Ed was making such hyperbolic expressions of overwhelmedness that she had to laugh: His knees went wobbly and he staggered all over the sidewalk, clutching his chest as if having a heart attack.
"I think we even figured out whose mind I was seeing it through, Ed! General Beauforte had one daughter still living at home in May of 1862. Her name was Claudette, and she was fifteen when the Union Army took over the house. I was seeing it through her eyes as she waited in the slave quarters for them to take her and her mother away. It would have been a powerful moment. The experience lived on and I… I found it. I relived it."
Ed was looking around with theatrical paranoia. "Don't tell anyone!" he whispered. "We'll lose all our credibility. Or the CIA or somebody will kidnap you and make you do remote past viewing or something. Goddamn you, Cree! So help me, I'm going to catch up to you. I'm going to give you something that throws your theories into a tailspin. So help me."
She came to his side, put her arm around his waist; he did the same, and they walked on with matched strides, hip to hip. "You know, it's not too early to get a Bloody Mary with lunch," she told him. "Take the edge off these outrageous slings and arrows. Celebrate us both getting home.
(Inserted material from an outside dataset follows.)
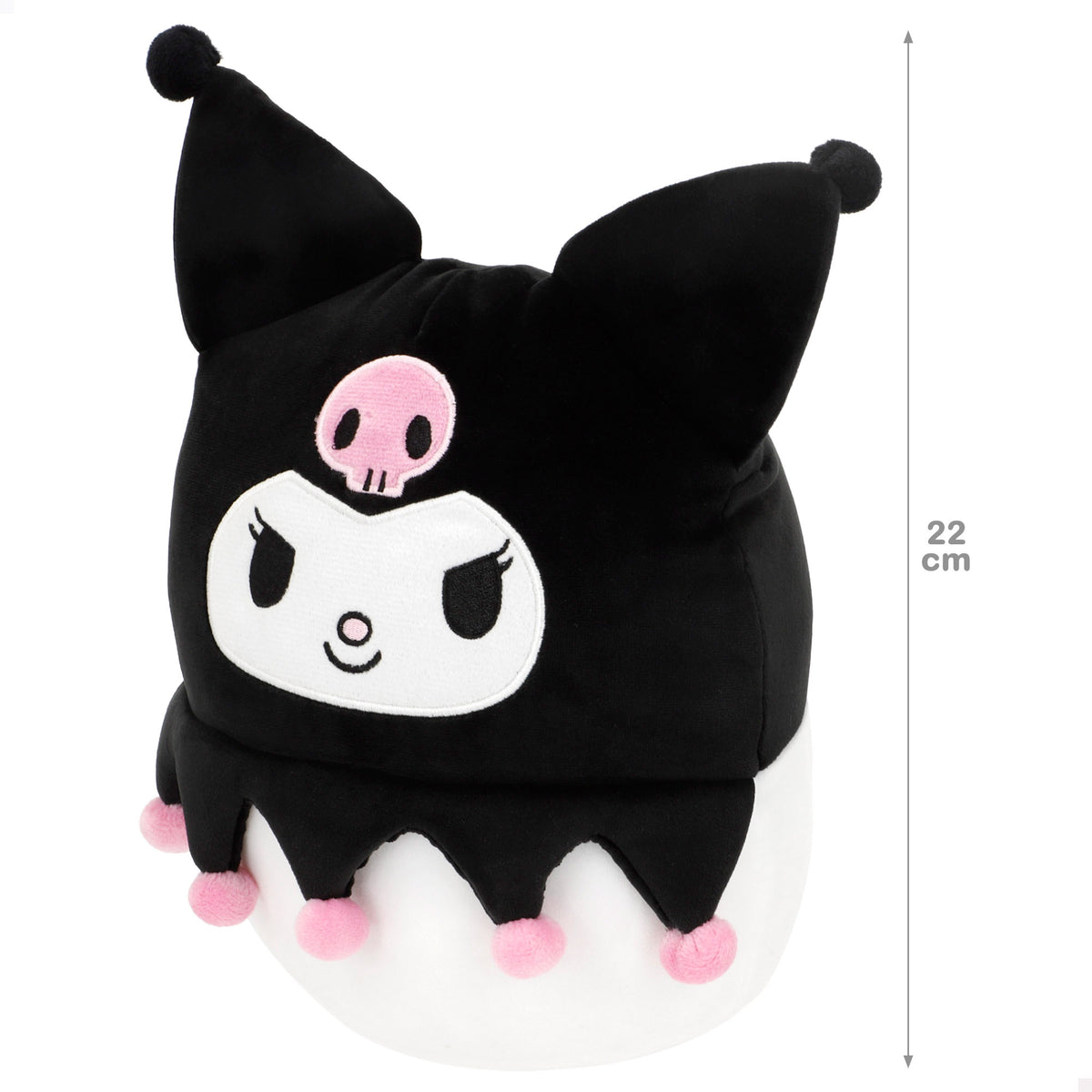 Kuromi Almohada peluche 22 cm + 3 años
God, it's nice to see you!"
"Cree." His tone killed the exuberance dead.
"Yeah?"
"Tell me about the psychiatrist. How he fits in."
Cree saw it all in his eyes. "Joyce," she managed, feeling betrayed."Joyce told you. That's why you didn't come to New Orleans."
Ed just blinked once.
She was at a loss. "He was… he and I worked on Lila together. Compared notes. He doesn't 'fit in.' He and I, we – "
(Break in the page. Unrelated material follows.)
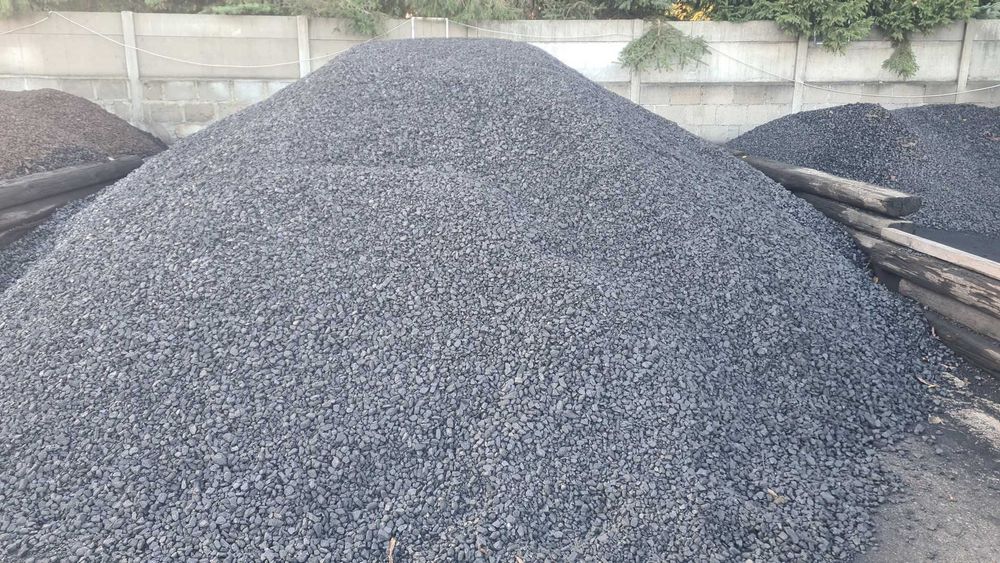 Tani opał - 1 tona Groszek z węgla kamiennego 5-25mm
"What's this? What're we doing?" He gestured at the two of them, the street, the sky. He meant the good feeling that came so easily with them."This is nice, isn't it?"
"Of course! It's lovely! It's – " But Ed was walking on, and she had to jog to keep up with his long strides. She took his arm to slow him down, but he didn't look at her.
"So what's wrong with this?" he insisted. This time he sort of meant me.
Nothing! she almost said. This is as good as it gets! But her heart seemed to cleave inside her as she knew it wasn't quite so. "I don't know, Ed," she said.
They walked on for another minute, silent, not looking at each other, side by side but utterly distant.
"You should probably try to figure it out, Cree," he said at last. "Do what you have to. You know? We all gotta do what we gotta do. Let me know how it comes out."
He was offering some sort of permission, and she loved him fiercely for it. But when she tried to figure out what it was she had to do, no answer came. She clung to his arm, almost panicking, afraid he'd get away."Okay," she told him. "I'll try. Thanks."
They kept walking. They reached Waterfront Park, looked out at the water for a time. The Highway 99 overpass roared behind them as the Bainbridge Island ferry came in from the Sound, its hull banded in white froth. Excursion boats took off from the piers immediately to the south, and beyond them a couple of freighters hove slowly to the forest of gantries of the lower port. After a time they climbed the steps to Pike Place Market, got sandwiches, sat in one of the public seating stalls. They talked about other things. No Bloody Marys; the giddy sense of celebration was gone. Their conversation felt stiff, obstructed, but they forged along with determination. Ed said he'd heard about several other interesting cases in the Gloucester area: Various friends of the Wainwrights had heard about his prelim in their house and cautiously approached him with accounts of their own hauntings. It seemed everybody had some brush with the mysterious.
He said it reminded him again that, for all its weirdness, the world beyond vision was awfully close and immediate. Life – you really never knew what to expect, he said. What would come at you next.
Cree's heart felt as if it would break. Life was indeed strange, she agreed. She shook her head, feeling it: an ache.
Ed bit his lips and nodded his agreement.